A team of faculty members and students in the Ira A. Fulton Schools of Engineering at Arizona State University contributed to a major geotechnical engineering field research project recently recognized with a 2021 Western States Seismic Policy Council Award in Excellence.
Associate Professor Leon van Paassen led the group from ASU’s Center for Bio-mediated and Bio-inspired Geotechnics, in a collaboration with researchers from Portland State University and the University of Texas at Austin. The endeavor has been funded by the Natural Hazard Engineering Research Infrastructure program of the National Science Foundation.
Van Paassen and Professor Edward Kavazanjian, director of the Center for Bio-mediated and Bio-inspired Geotechnics, have collaborated on projects to reduce the impact of earthquakes on soils. One of these aftereffects is liquefication, or the process by which soil saturated with water loses strength, which can lead to ground failure.
The multi-university project involves microbially induced desaturation — called the MID technique — for mitigation of earthquake-induced liquefaction in silty soils.
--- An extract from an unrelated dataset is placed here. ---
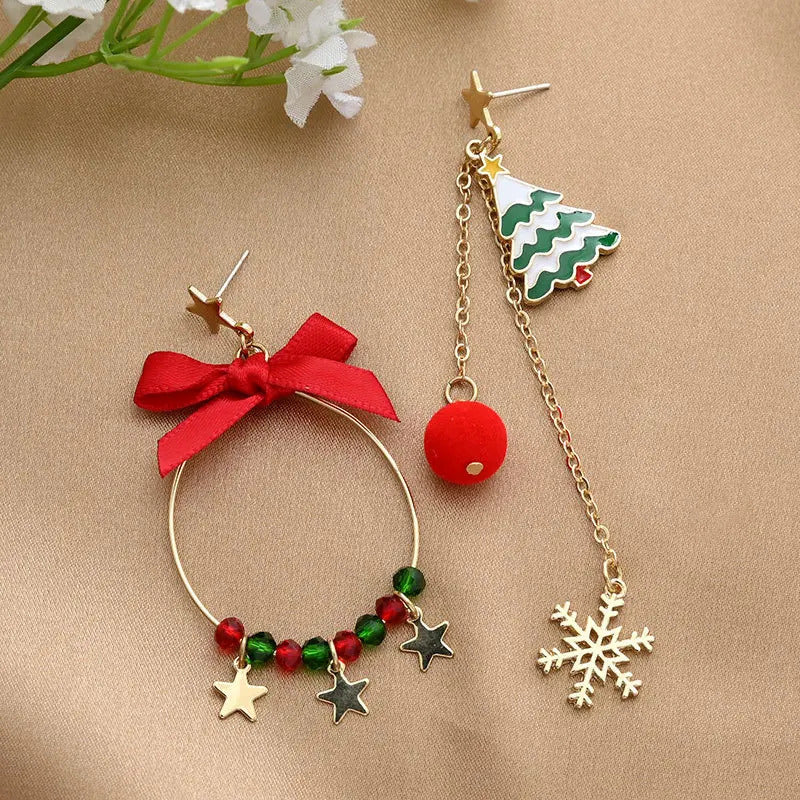 New Trendy Statement Christmas Tree Earrings For Women Santa Claus Snowman Drop Earrings Jewelry Girls Christmas Gifts Wholesale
Seeking earthquake and engineering solutions
The work has included treating two test sections located within the Port of Portland Critical Energy Infrastructure hub (the Harborton site) and adjacent to Portland International Airport (the Sunderland site).
There, researchers monitored the treatment performance and the level of desaturation through a variety of methods and shook the ground at one test section using the NHERI@UTexas T-Rex mobile shaker system.
“The MID technique is particularly noteworthy because it can be used to address two problems that have vexed earthquake engineers for decades,” said Kavazanjian, who is a Regents Professor at ASU and the Ira A. Fulton Professor of Geotechnical Engineering.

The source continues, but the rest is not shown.